------ Data for analysis ------
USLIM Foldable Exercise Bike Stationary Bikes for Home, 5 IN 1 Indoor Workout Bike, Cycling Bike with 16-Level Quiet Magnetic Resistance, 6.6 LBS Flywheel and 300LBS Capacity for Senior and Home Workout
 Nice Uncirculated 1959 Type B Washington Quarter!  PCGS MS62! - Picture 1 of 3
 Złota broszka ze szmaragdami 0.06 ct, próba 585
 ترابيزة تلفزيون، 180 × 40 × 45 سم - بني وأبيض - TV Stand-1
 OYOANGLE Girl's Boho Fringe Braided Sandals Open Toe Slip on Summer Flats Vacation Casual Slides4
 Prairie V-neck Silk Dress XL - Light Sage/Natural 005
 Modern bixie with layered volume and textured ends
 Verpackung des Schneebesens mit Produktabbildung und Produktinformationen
------
» Assigned task
Starting at the line that contains "ترابيزة تلفزيون، 180", repeat each line exactly through the last one in the listing. Include both of those lines and nothing more.

» Expected output
 ترابيزة تلفزيون، 180 × 40 × 45 سم - بني وأبيض - TV Stand-1
 OYOANGLE Girl's Boho Fringe Braided Sandals Open Toe Slip on Summer Flats Vacation Casual Slides4
 Prairie V-neck Silk Dress XL - Light Sage/Natural 005
 Modern bixie with layered volume and textured ends
 Verpackung des Schneebesens mit Produktabbildung und Produktinformationen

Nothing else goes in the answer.